In truth, it’s the second issue, not the first, that worries me about Mrs. Clinton. Although she’s smart and sensible, she’s very much the candidate of the Beltway establishment — an establishment that has yet to come to terms with its own failure of nerve and judgment over Iraq. Still, she’s at worst a triangulator, not a megalomaniac; she’s not another Dick Cheney.

I wish we could say the same about all the major presidential aspirants.

Senator John McCain, whose reputation for straight talk is quickly getting bent out of shape, appears to share the Bush administration’s habit of rewriting history to preserve an appearance of infallibility.

Last month Senator McCain asserted that he knew full well what we were getting into by invading Iraq: “When I voted to support this war,” Mr. McCain said on MSNBC, “I knew it was probably going to be long and hard and tough, and those that voted for it and thought that somehow it was going to be some kind of an easy task, then I’m sorry they were mistaken.”

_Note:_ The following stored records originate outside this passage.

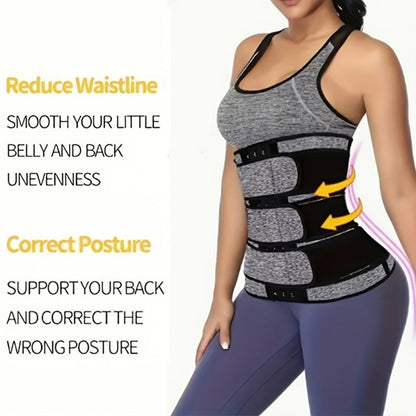 Women's Medium Control Waist Cincher - Belted Body Smoothing detail image - detail view 4
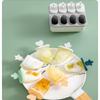 Accessories Home Summer Ice Cream Makers DIY Popsicle Mold Reusable with Lid Stick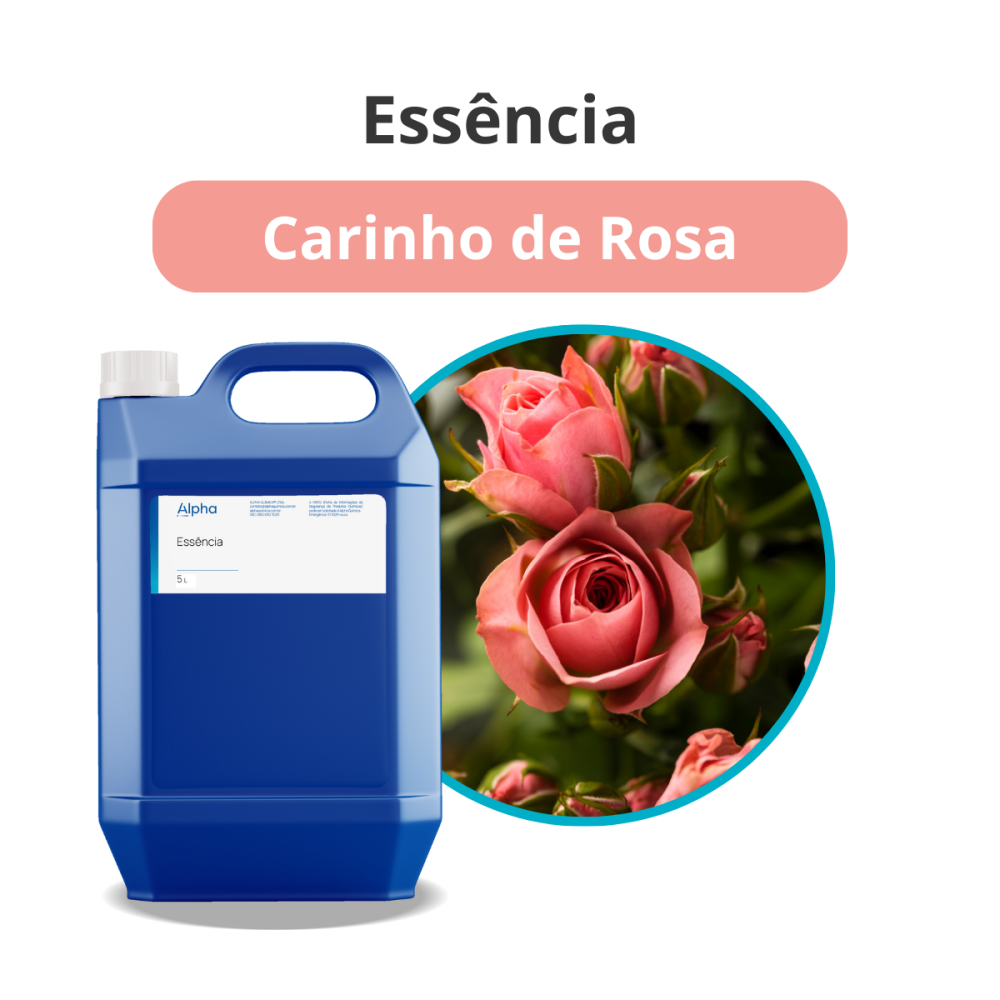 Essência Carinho de Rosas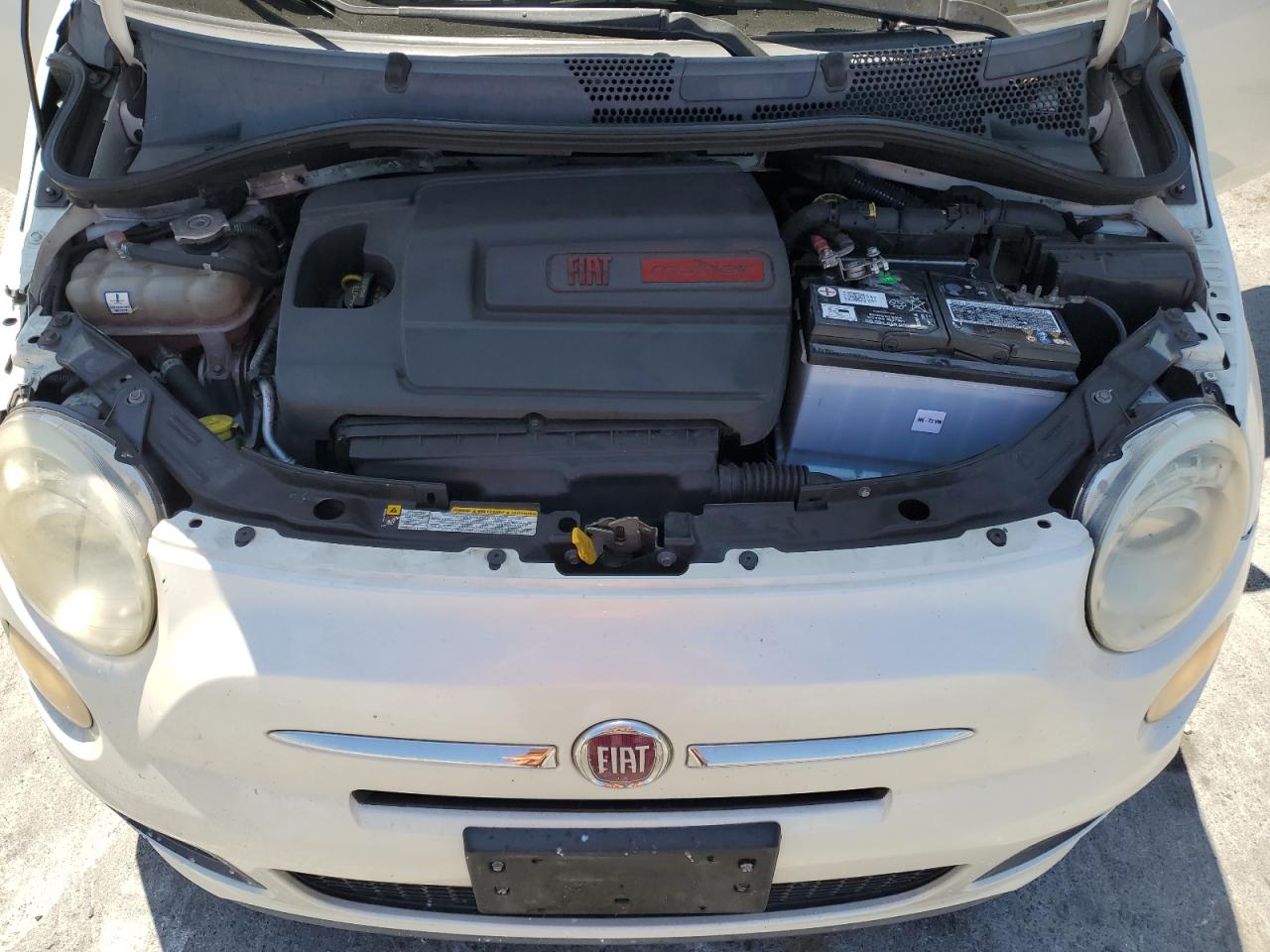 2012 Fiat 500 Sport VIN: 3C3CFFBR1CT113851 Lot: 63920064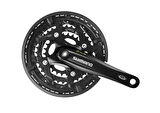 Shımano FC-T521 Aynakol 3x10V 26/36/48T 175mm 3x10 Uyumlu Aynakol Octalink Aynakol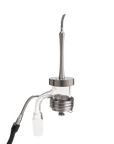 Silver Multi Tip Carb Cap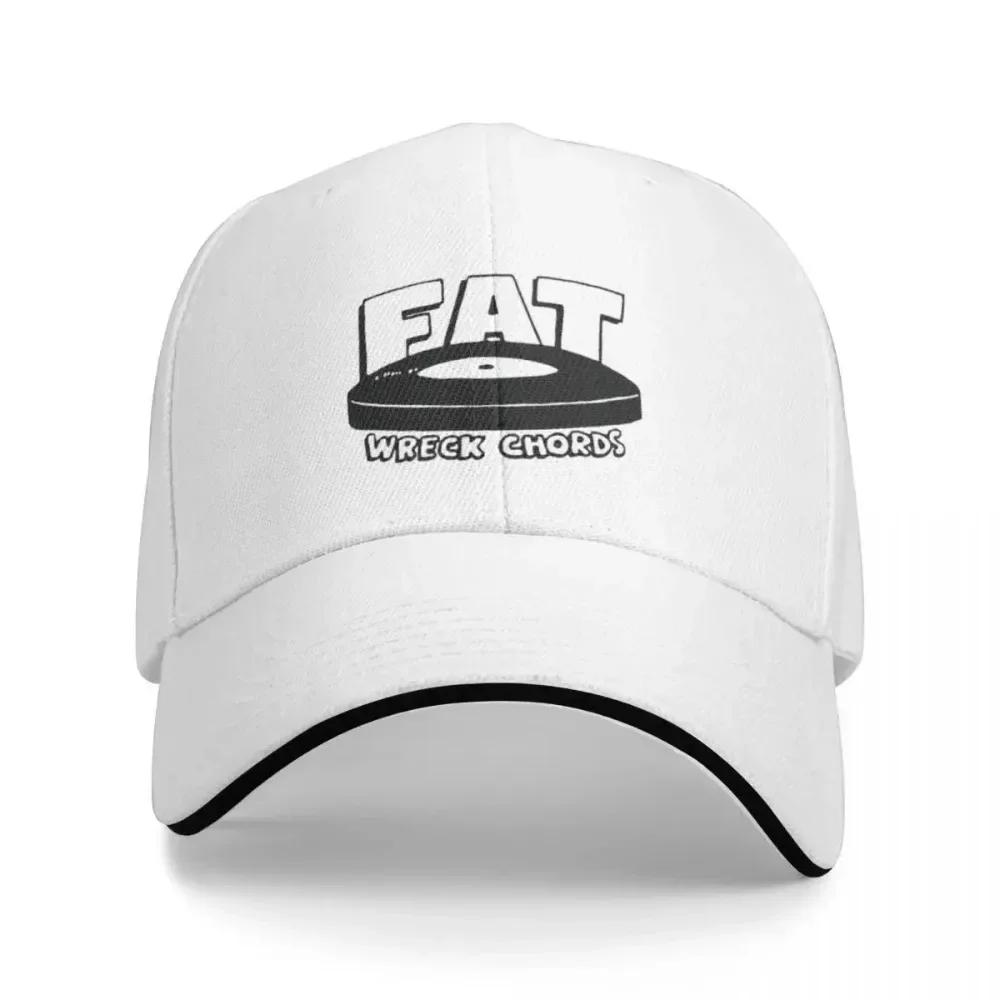 New Best Seller Fat Wreck Chords Merchandise Cap Fashion Casual Baseball Caps Adjustable Hat Hip Hop Summer Unisex Baseball Ha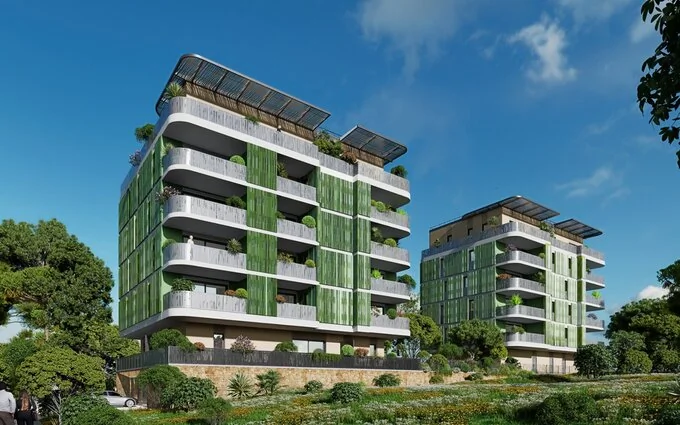 Programme immobilier neuf Nouveaute parc  marianne à Montpellier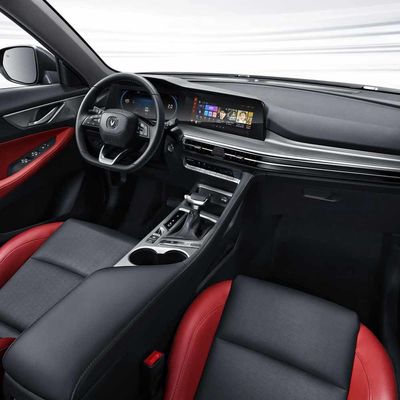 5 인승 초침 중고차 장안 Cs35 플러스 1.4T 160HP L4 흰긴수염고래 NE
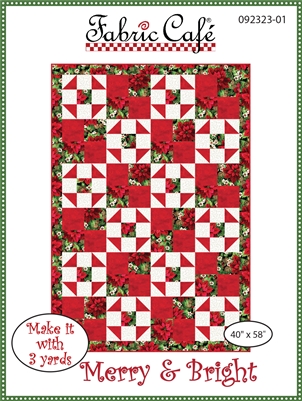 Fabric Cafe 3 Yard Quilt Patterns, FREEDOM, Donna Robertson, 092121-01 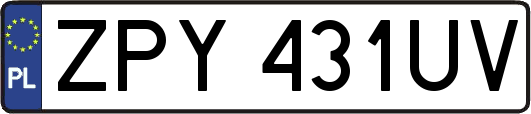 ZPY431UV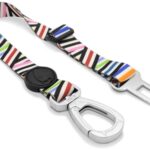 Morso Honden Autogordel Gerecycled Spaghetti Incident - 40-65 x 1,5 cm Tot 4 kg
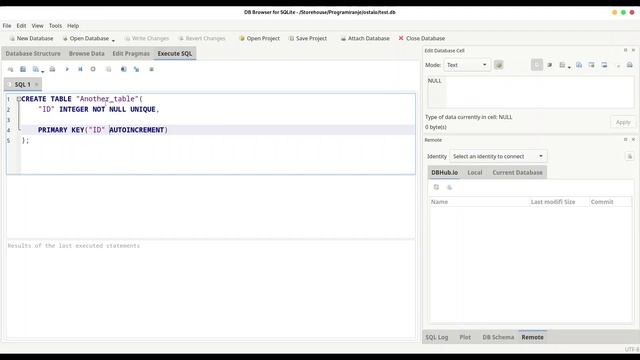 SQL - Create and alter table by scripting смотреть онлайн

But back in September 2002, he told Larry King, “I believe that the operation will be relatively short,” and “I believe that the success will be fairly easy.”

And as for Rudy Giuliani, there are so many examples of his inability to accept criticism that it’s hard to choose.

Here’s an incident from 1997. When New York magazine placed ads on city buses declaring that the publication was “possibly the only good thing in New York Rudy hasn’t taken credit for,” the then-mayor ordered the ads removed — and when a judge ordered the ads placed back on, he appealed the decision all the way up to the United States Supreme Court.

Now imagine how Mr. Giuliani would react on being told, say, that his choice to head Homeland Security is actually a crook. Oh, wait.

But back to Mrs. Clinton’s problem. For some reason she and her advisers failed to grasp just how fed up the country is with arrogant politicians who can do no wrong. I don’t think she falls in that category; but her campaign somehow thought it was still a good idea to follow Karl Rove’s playbook, which says that you should never, ever admit to a mistake. And that playbook has led them into a political trap.